AndroidSupportInjectionModule.class,
}) // Telling Dagger (code generator): I'm believing this class as a component class
public interface AppComponent extends AndroidInjector<BaseApplication> { // in Android we should extend from AndroidInjector
// Meaning we're injecting BaseApplication class into AppComponent.
// Overridong the Component.builder() method whose code will be created by Dagger from Builder interface.
@Component.Builder
interface Builder{
// Binds an instace of an object to the component at the time of construction.
@BindsInstance
Builder application(Application application);
AppComponent build();
}
}In general:
- Components = Services
- Activities/Fragments = Clients
You will ALWAYS need an AppComponent and you will ALWAYS need to put it inside your BaseApplication class.
Every Dagger interaction = a client-server interaction in some level.
At veiw-level: Activities and Fragments act as clients; and Components as services.
For this, we should first mark activities as potential clients.
Dagger Module: A place for dependencies to live to add them to components.
@Module
public abstract class ActivityBuildersModule {
@ContributesAndroidInjector //AuthActivity is a potential client that I can inject dependencies into.
abstract AuthActivity contributeAuthActivity();
@Provides //Inject this static dependency into AuthActivity.
static String someString(){
return "this is a test string";
}
}
// Should extend from DaggerAppCompatActivity
public class AuthActivity extends DaggerAppCompatActivity {
private static final String TAG = "AuthActivity";
@Inject // Property to inject into.
String someString;
@Override
protected void onCreate(Bundle savedInstanceState) {
super.onCreate(savedInstanceState);
setContentView(R.layout.activity_auth);
Log.d(TAG, "onCreate: " + someString);
}
}You ALWAYS will have to declare your activities inside ActivityBuildersModule class.
@Component(
modules = {
AndroidSupportInjectionModule.class, // Always needed for Application-level AppComponent.
...
})
public interface AppComponent extends AndroidInjector<BaseApplication> {
...
}AppModule class: where we should put all of the application-level dependencies for the project. e.g. Retrofit Instance, Glide instance and anything that is going to exist and not change for the entire lifetime of the app.
@Provides annotation: used to declare a dependency. e.g.
@Module
public class AppModule {
@Provides // creates this dependency when this String is injected into an Activity.
static String someString(){
return "this is a test string";
}
}We use static for dependencies bcuz documentation recommends; it is more efficient.
a (sub)modulea is unique to the particular component.

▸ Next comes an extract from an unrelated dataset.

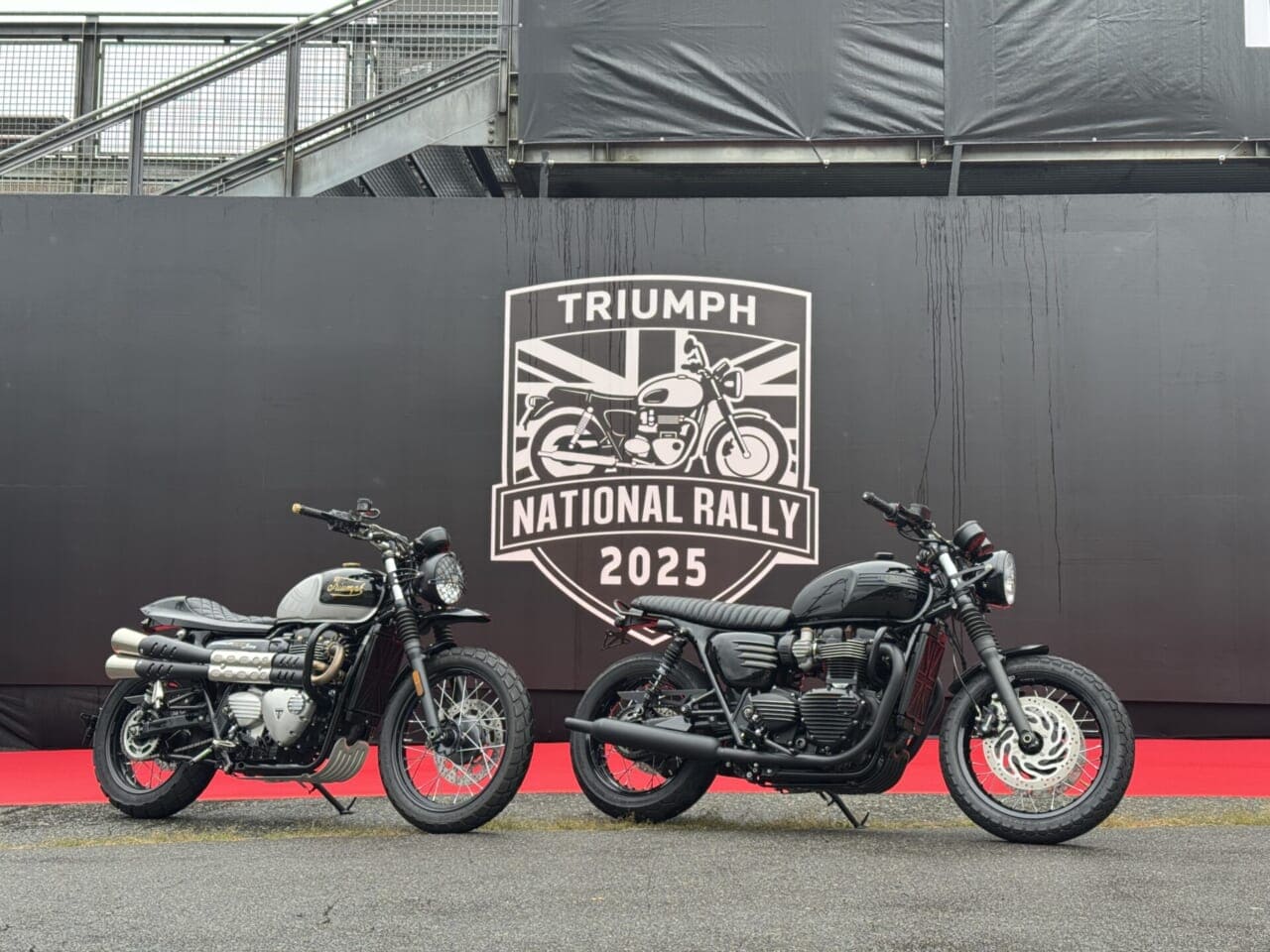 モートーンカスタムズの精巧パーツ&新作アパレルを展示! 「TRIUMPH NATIONAL RALLY 2026」にプロトが堂々ブース出展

- AuthModule -> AuthComponent
- MainModule -> MainComponent
It can be a good convention to name AppModule class @Provides methods as providesSth(){...}.
@Provides
static RequestOptions provideRequestOptions(){
return RequestOptions
.placeholderOf(R.drawable.white_background)
.error(R.drawable.white_background); // If Glide can't load image
} @Provides
static RequestManager provideGlideInstance(Application application, RequestOptions requestOptions){
// We also have a RequestOptions object available bcuz of the upper function.
return Glide.with(application)
.setDefaultRequestOptions(requestOptions);
}public class AuthActivity extends DaggerAppCompatActivity {
private static final String TAG = "AuthActivity";
@Inject
Drawable logo;
@Inject
RequestManager requestManager;
private void setLogo(){
requestManager
.load(logo)
.into((ImageView)findViewById(R.id.login_logo));
}
}Singletons: you provide instances and they exist as long as the app is alive; But not a good idea to mark every object of your app as Singleton: If app get quite big all of these objects lay around in memory -> a lof of overhead.
Scoping is the solution of the problem of having all objects sitting around in memory (not needed of course).
- Singleton is only one scope.
- You can create a scope to only exist as long as some Activity or Component exists.
- You can build a custom scope and tell objects to become instances under finite conditions.
@Sigleton‍ annotation
- makes the AppComponent scoped as application-wide.
- should also be used for dependencies in AppModule.
When the component dies, all of its dependencies will also be destroyed.